Exploring the breastfeeding knowledge level of pregnant women with gestational diabetes mellitus and its influencing factors
Studies revealed that promoting the breastfeeding knowledge level help to improve breastfeeding behaviors. Promoting breastfeeding knowledge was a simple and economical way to increase breastfeeding rates. However, there were no studies focus on the level of breastfeeding knowledge and its influencing factors in GDM women. Thus, the objective of this study was to investigate the breastfeeding knowledge level of GDM pregnant women and explore its influence factors.
Cross-sectional survey and convenience sampling was conducted in this study. The sociodemographic characteristics, caregivers in pregnancy, knowledge source, breastfeeding status and breast status information of participants were collected. Breastfeeding Knowledge Scale was used to assess the breastfeeding knowledge level of pregnant women with GDM. Multiple linear regression was used to analyze the influence factors of breastfeeding knowledge level in this study.
A total of 226 questionnaires were issued and finally 212 valid questionnaires were collected. Some misconceptions still existed (e.g. ’breastfeeding cannot prevent your baby from being overweight’ and ‘it is advisable to breastfeed 3–4 times per day within 2–3 days after delivery’), although women with GDM had a good score of breastfeeding knowledge (mean score: 103.5 ± 10.4). Multiple linear regression analysis found that gestational age, family per capita monthly income, educational level, knowledge source were the independent protective factors for breastfeeding knowledge and minority nationality was the independent risk factor.

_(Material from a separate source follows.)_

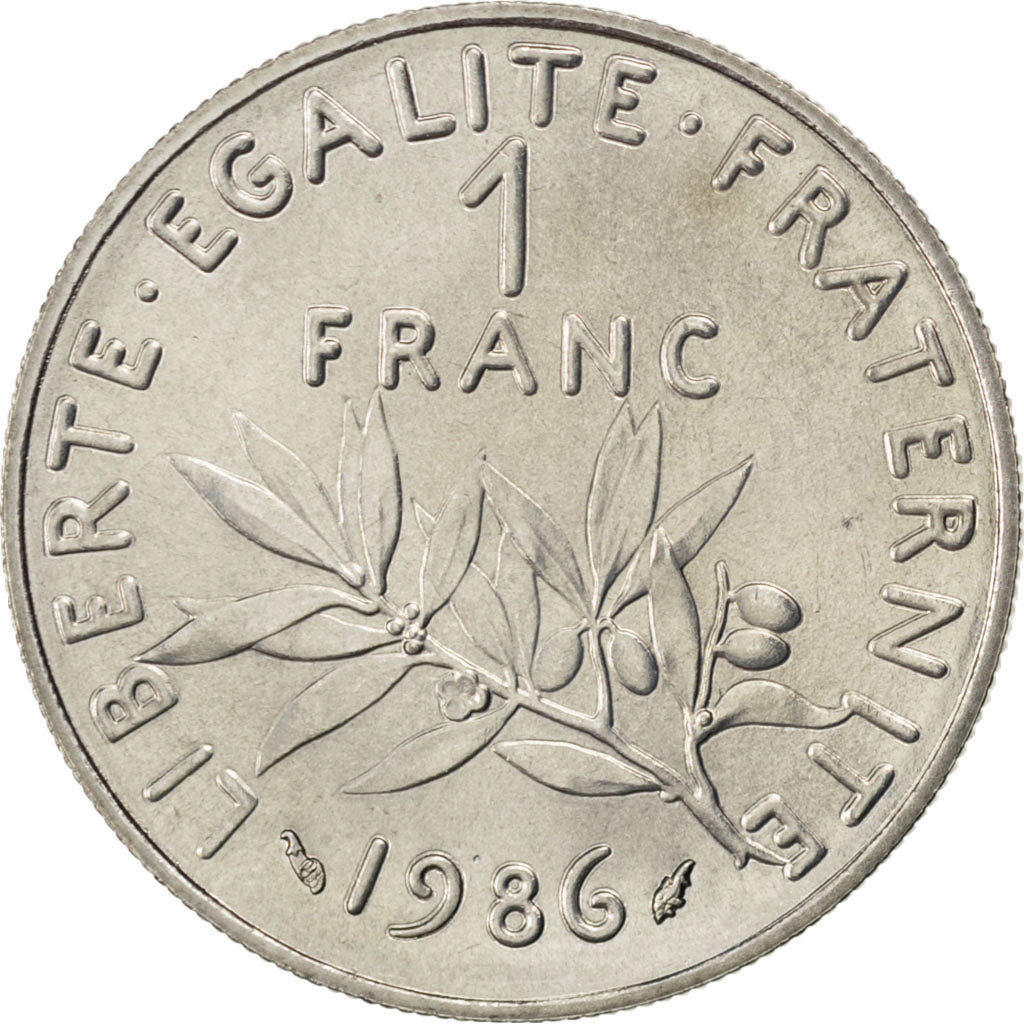 FRANCE, Semeuse, Franc, 1986, Paris, KM #925.1, MS(65-70), Nickel, 24, Gadoury..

The educational level had the greatest influence on the breastfeeding knowledge level of GDM pregnant women (β = 0.210, t = 2.978, P = 0.003).
GDM pregnant women with insufficient gestational age, low educational level, low family per capita monthly income and single access to knowledge should be included in the focus of health education on breastfeeding. In-depth and systematic health education should be conducted for pregnant women with GDM to improve their breastfeeding rate.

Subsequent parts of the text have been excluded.